O partido Histórico é constitucional, imensamente monárquico, e prova irrefutavelmente a urgência da economia.
O partido Constituinte é constitucional, monárquico, e dá subida atenção à economia.
O partido Reformista é monárquico, é constitucional, e doidinho pela economia!
Todos quatro são católicos,
Todos quatro são centralizadores,
Todos quatro têm o mesmo afecto à ordem,
Todos quatro querem o progresso, e citam a Bélgica,
Todos quatro estimam a liberdade.
Quais são então as desinteligências? – Profundas! Assim, por exemplo, a ideia de liberdade entendem-na de diversos modos.

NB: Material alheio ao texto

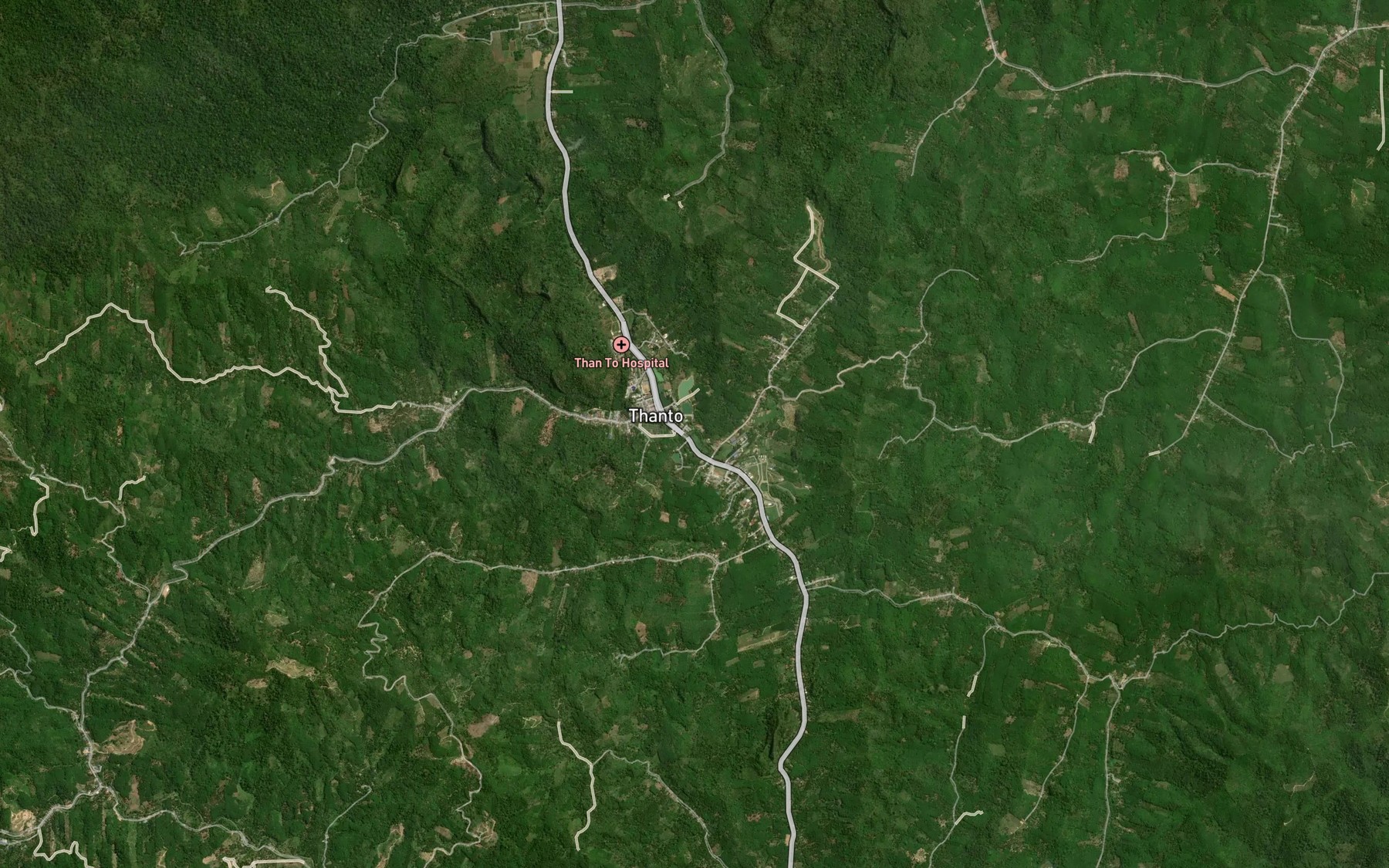 Satellite map of the Khlong Phan Suek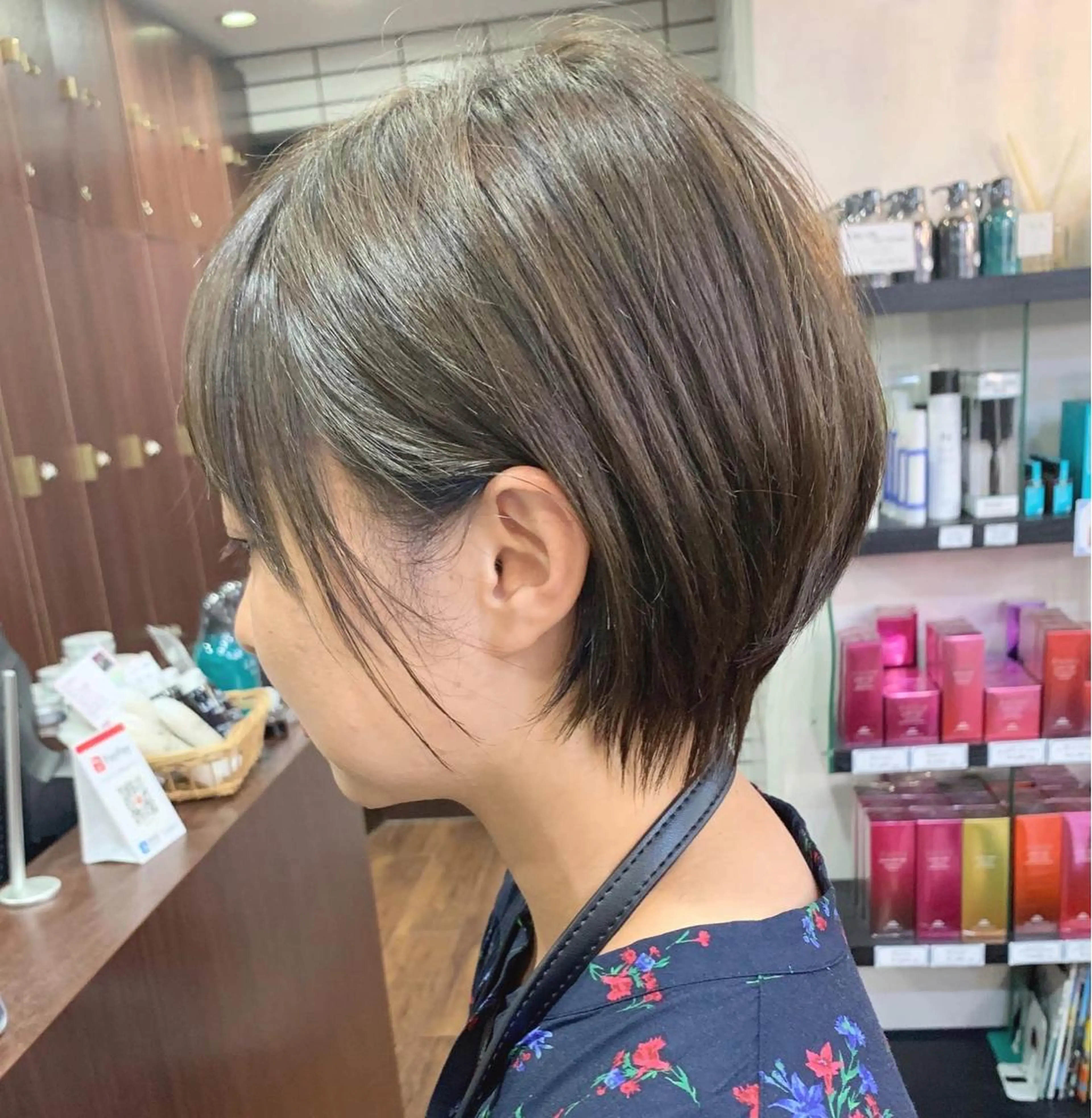 ショート 縮毛矯正/ショート/ レイヤー/畑中正敏のヘアスタイル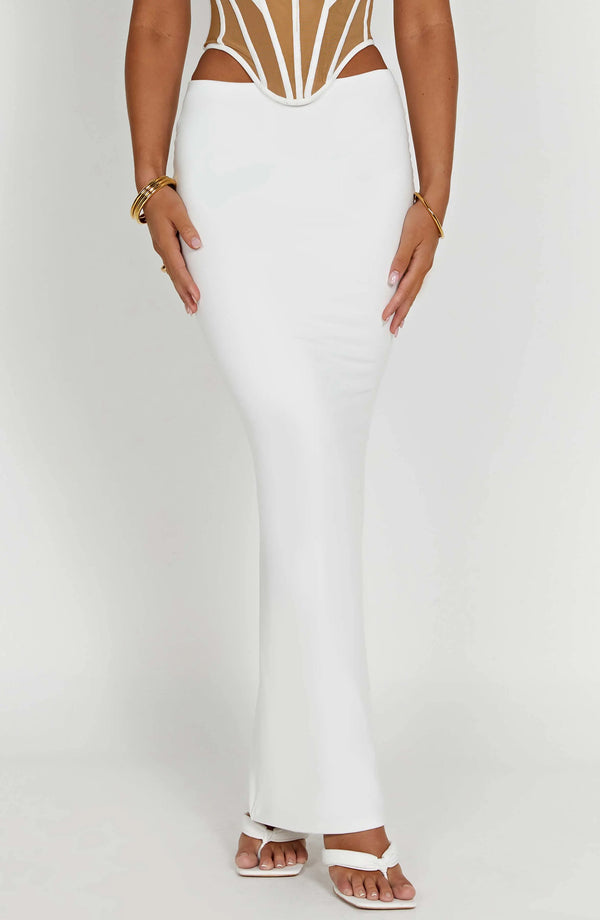 Astrid Maxi Skirt - White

O partido Histórico diz gravemente que é necessário respeitar as Liberdades Públicas. O partido Regenerador nega, nega numa divergência resoluta, provando com abundância de argumentos que o que se deve respeitar são – as Públicas Liberdades.
A conflagração é manifesta!
Na acção governamental as dissensões são perpétuas. Assim o partido Histórico propõe um imposto. Porque, não há remédio, é necessário pagar a religião, o exército, a centralização, a lista civil, a diplomacia… – Propõe um imposto.
«Caminhamos para uma ruína! – exclama o Presidente do Conselho. – O défice[1] cresce! O País está pobre! A única maneira de nos salvarmos é o imposto que temos a honra, etc…»
Mas então o partido Regenerador, que está na oposição, brame[2] de desespero, reúne o seu centro. As faces luzem de suor, os cabelos pintados destingem-se de agonia, e cada um alarga o colarinho na atitude de um homem que vê desmoronar-se a Pátria!
— Como assim! – exclamam todos – mais impostos!?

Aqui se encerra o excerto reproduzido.